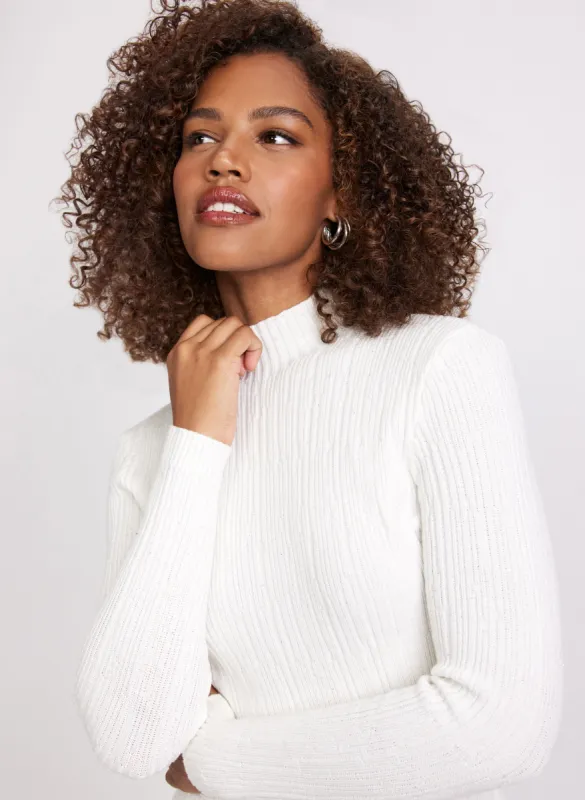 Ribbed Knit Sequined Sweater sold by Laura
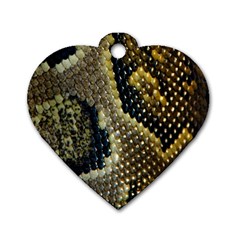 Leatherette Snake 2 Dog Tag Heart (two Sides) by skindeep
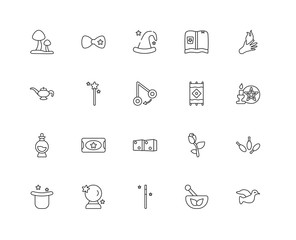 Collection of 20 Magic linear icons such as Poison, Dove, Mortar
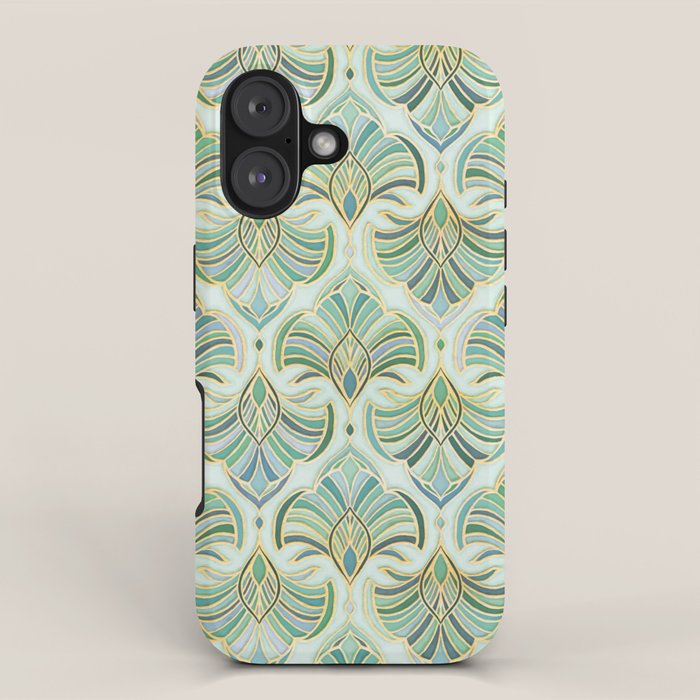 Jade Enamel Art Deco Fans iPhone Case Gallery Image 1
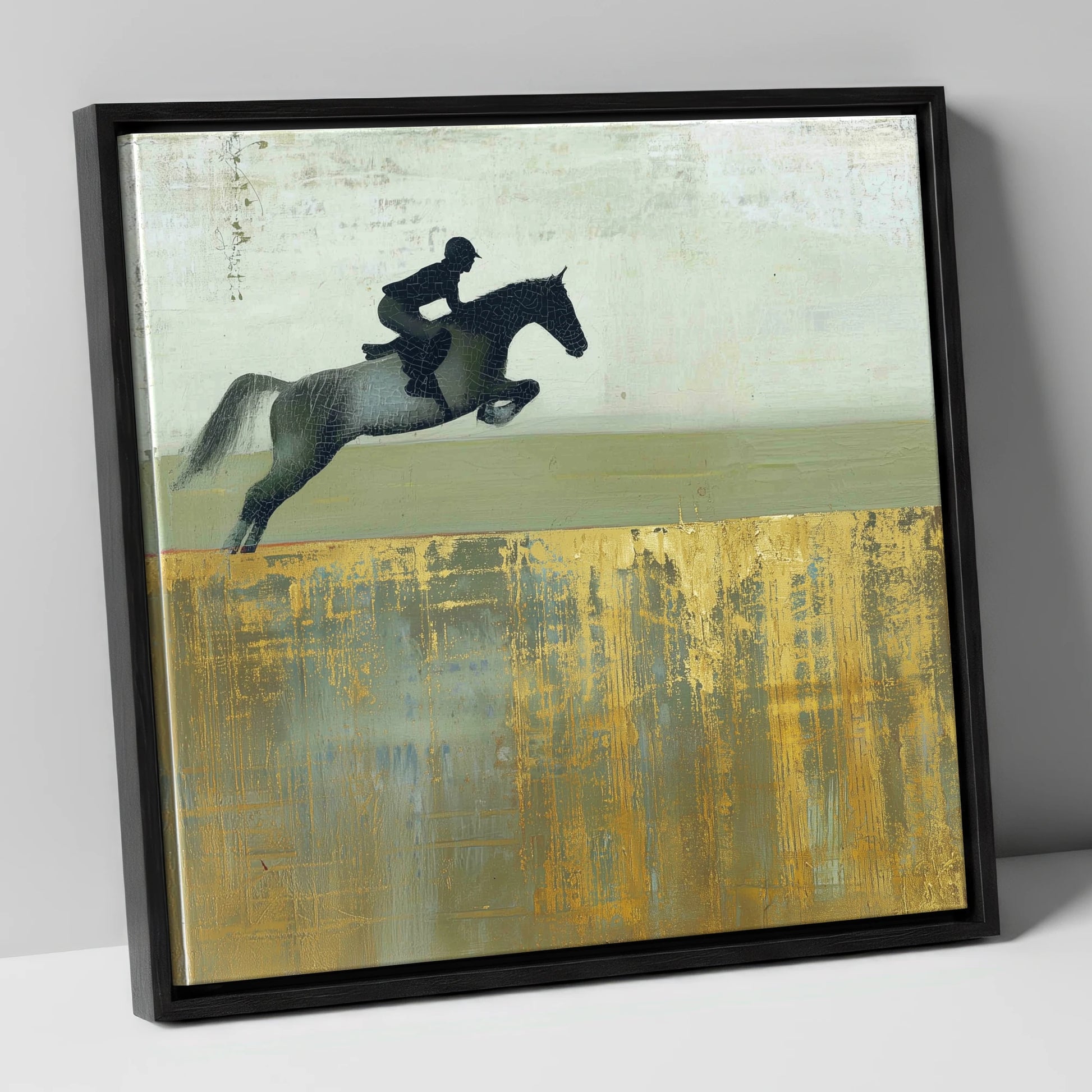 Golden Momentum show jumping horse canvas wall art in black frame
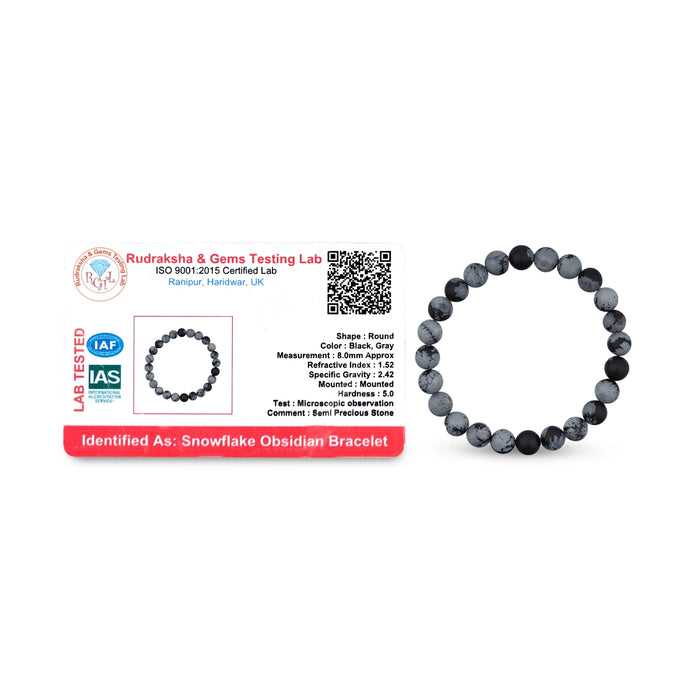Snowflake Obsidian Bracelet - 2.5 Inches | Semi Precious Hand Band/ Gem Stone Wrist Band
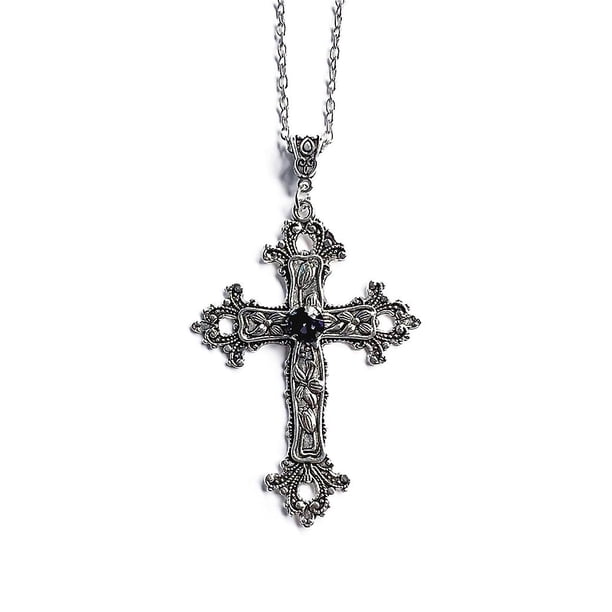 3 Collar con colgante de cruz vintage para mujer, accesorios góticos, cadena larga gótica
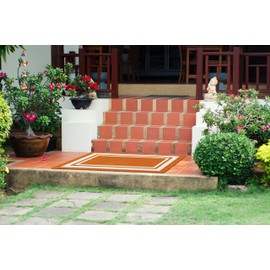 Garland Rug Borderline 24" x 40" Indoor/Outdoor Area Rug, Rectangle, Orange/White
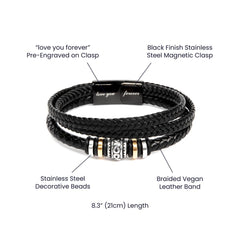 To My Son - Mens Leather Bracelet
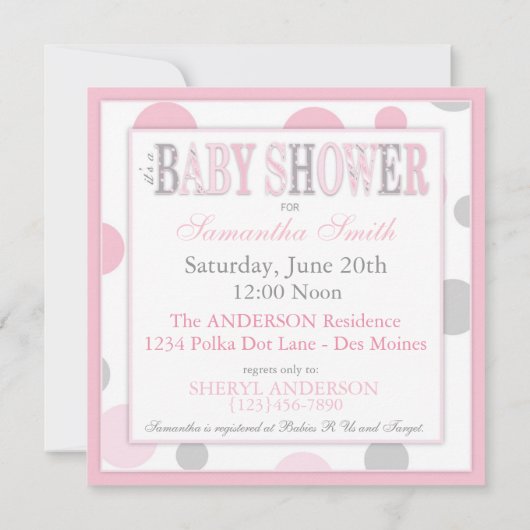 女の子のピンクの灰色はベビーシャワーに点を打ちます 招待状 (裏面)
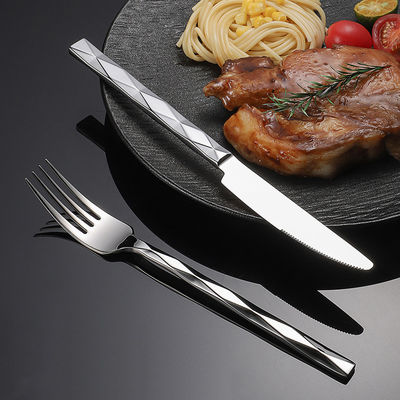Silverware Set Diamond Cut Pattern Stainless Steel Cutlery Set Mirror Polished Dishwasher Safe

^^^^

Here the requirement is to restate exactly the line holding "女の子のピンクの灰色はベビーシャワーに点を打ちます 招待状 (裏面)" and every later line through the end of the material, omitting pictures.

 女の子のピンクの灰色はベビーシャワーに点を打ちます 招待状 (裏面)
Silverware Set Diamond Cut Pattern Stainless Steel Cutlery Set Mirror Polished Dishwasher Safe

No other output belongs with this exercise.